During inference, the trained LSTM language model is used to generate text autoregressively.  
Given an input prompt, the text is first tokenized and converted into numerical indices using the
trained vocabulary. These indices are then passed through the LSTM model to predict the probability
distribution of the next word.

At each step, the next word is sampled from this distribution (optionally using temperature and
sampling strategies) and appended back to the input sequence. This process is repeated until the
maximum generation length is reached or an end-of-sentence token is produced.


#### Training Results Summary



The model shows rapid improvement during the early epochs, with validation perplexity dropping
significantly from **61.11 (Epoch 1)** to around **32 by Epoch 10**, indicating that the LSTM quickly
learns the basic structure and patterns of the language. This phase reflects effective learning and
good alignment between training and validation performance.

After approximately **Epoch 12**, validation perplexity stabilizes around **31**, while training
perplexity continues to decrease gradually. This suggests diminishing returns from additional
training and the onset of mild overfitting. Overall, the results demonstrate successful convergence.


#### Web Application – Model Interface (Summary)

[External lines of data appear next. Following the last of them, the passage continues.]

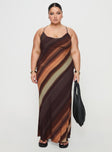 front view of model wearing Princess Polly Otillie Maxi Dress Brown Multi Curve Scoop Neck 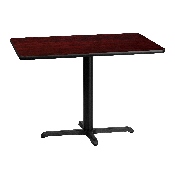 30'' x 42'' Rectangular Mahogany Laminate Table Top with 23.5'' x 29.5'' Table Height Base, XU-MAHTB-3042-T2230-GG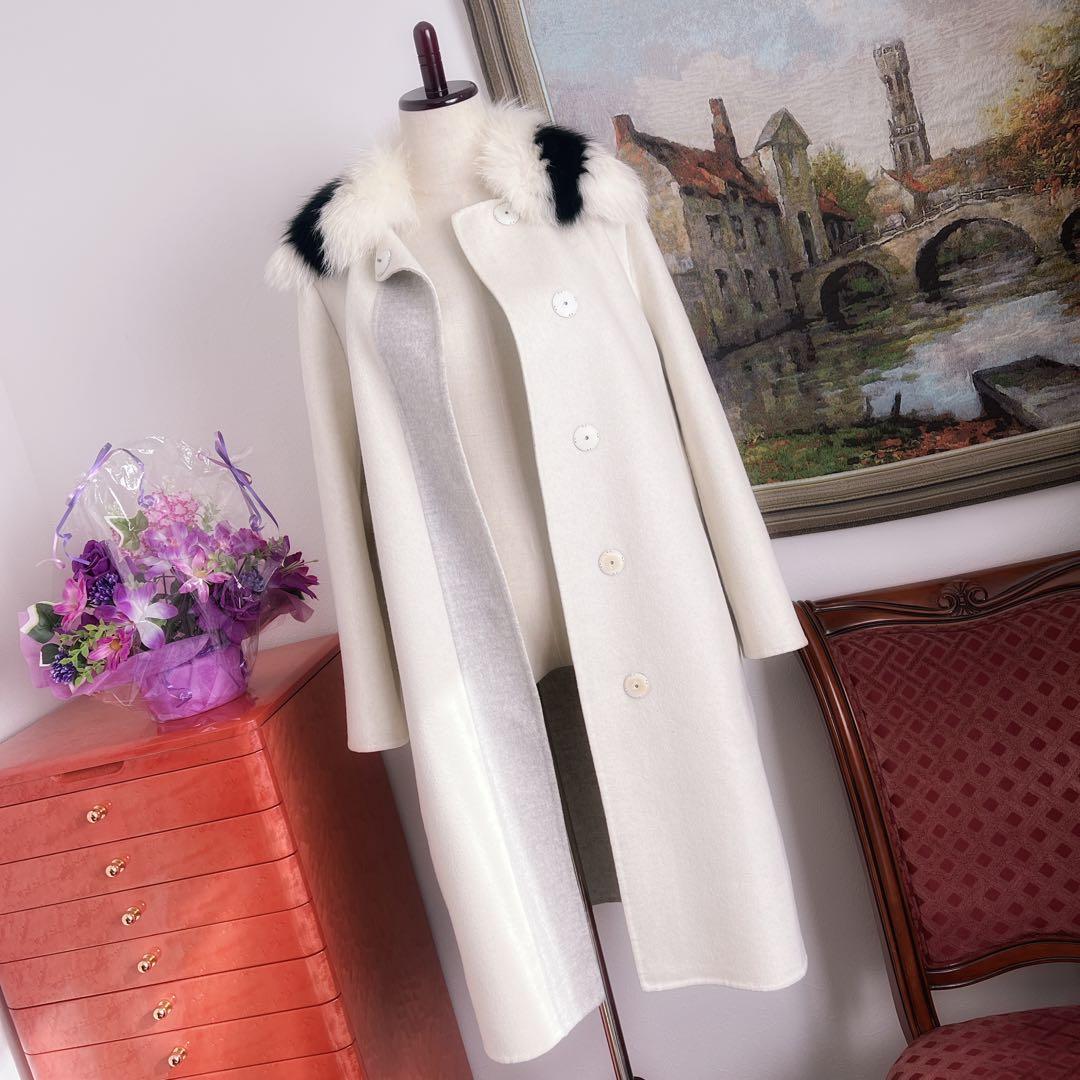 美品　FENDIフェンディ フォックス　ファー　カシミヤ ダブルフェイス　コート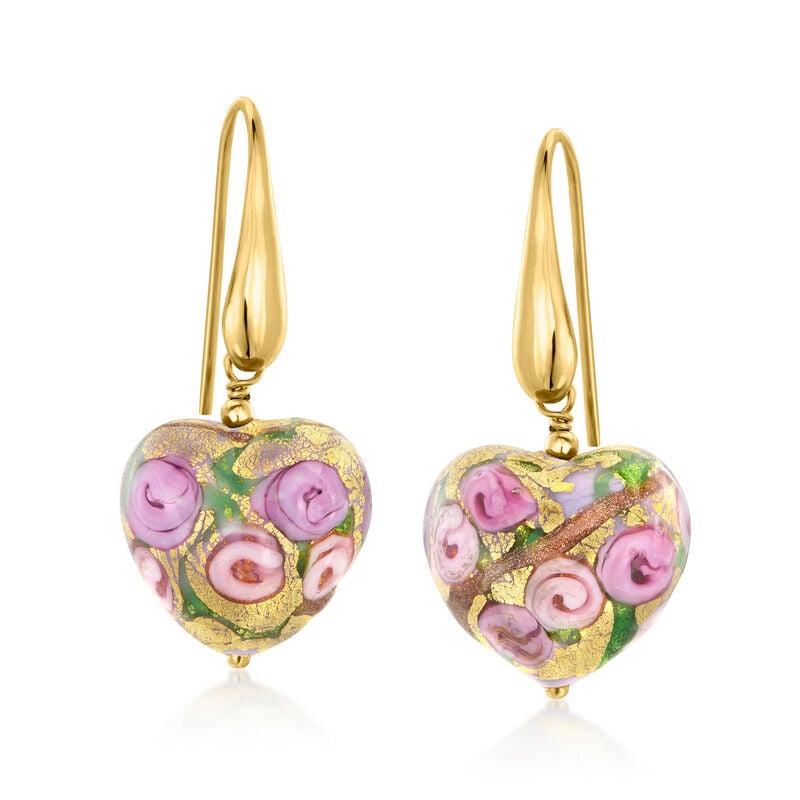 Italian Multicolored Murano Glass Rose Heart Drop Earrings in 18kt Gold Over Sterling  image number 0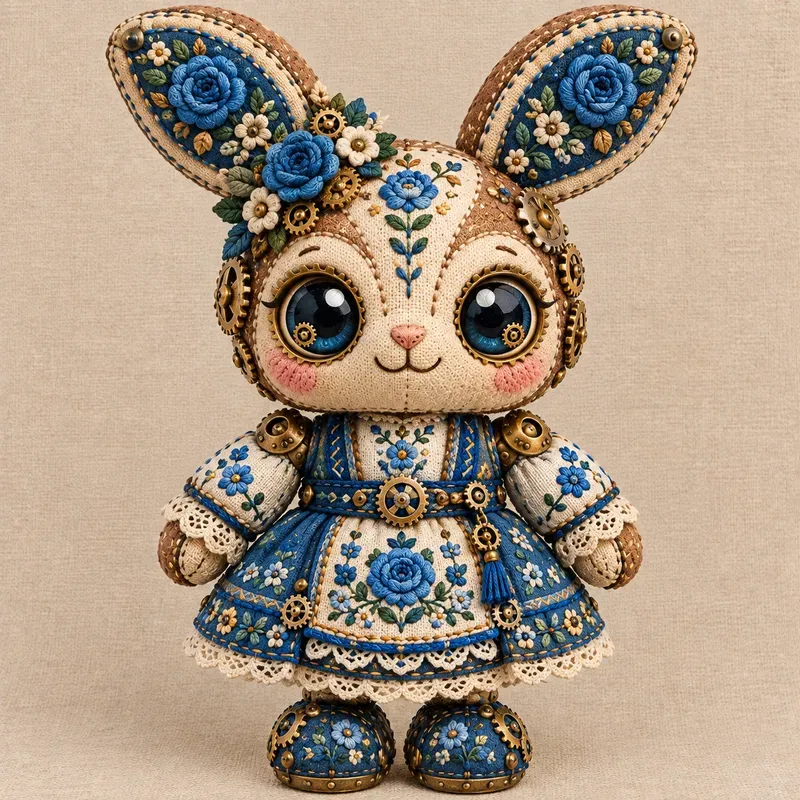 Mechanical Folk Embroidery Patches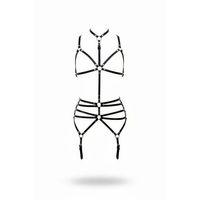 Siyah Body Harness Tam Vücut Boyunluklu Metal Halka Detaylı - Brf262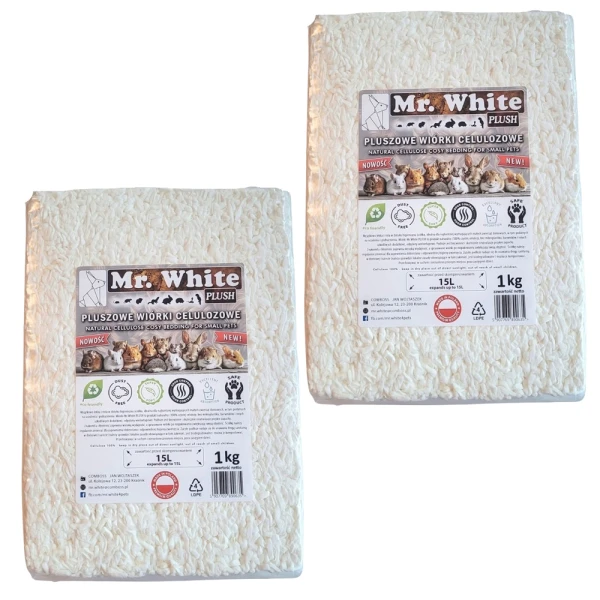 Mr. White Pluszowe wiórki celulozowe PLUSH ZESTAW 2 x 1kg ściółka dla gryzoni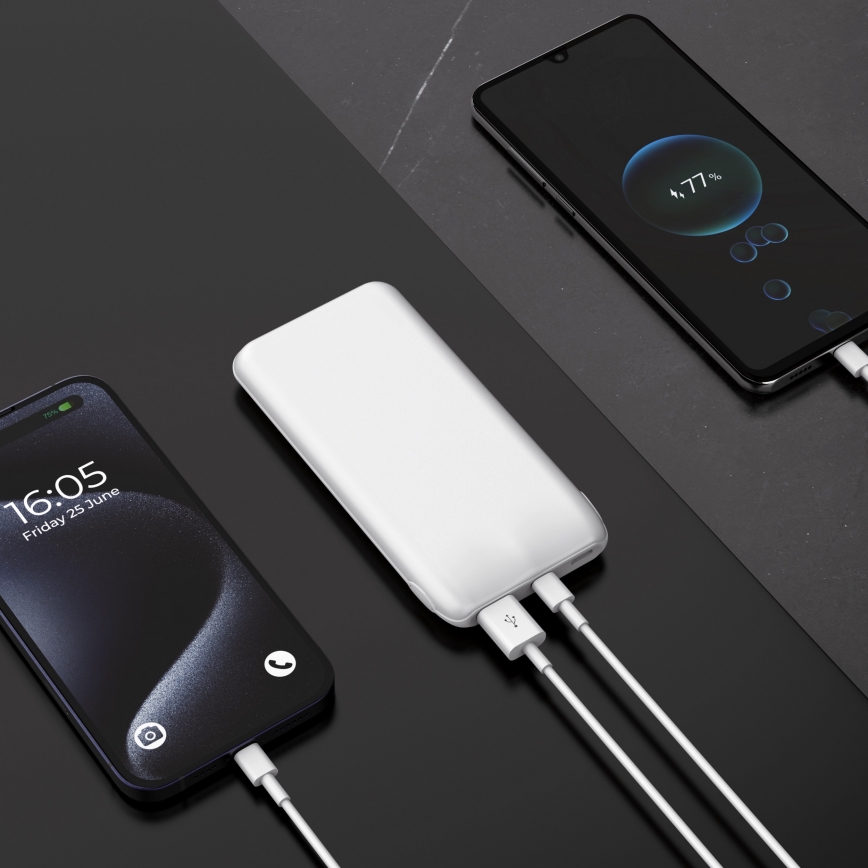 Akupank 10000 mAh 10W Power Delivery 2xUSB-C + 1xUSB-A valge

The web application provides a simple interface for interacting with the trained LSTM-based language
model. It is built using Flask and allows users to enter a text prompt through a web form. The backend
loads the trained PyTorch model and the saved vocabulary to ensure that preprocessing during inference
matches the training setup.

When a user submits a prompt, it is tokenized, converted into numerical indices, and passed to the
LSTM model for autoregressive text generation. The model predicts the next token step by step, applies
temperature-based sampling, and generates a coherent continuation of the input text. The generated
output is converted back to readable text and displayed on the webpage in real time.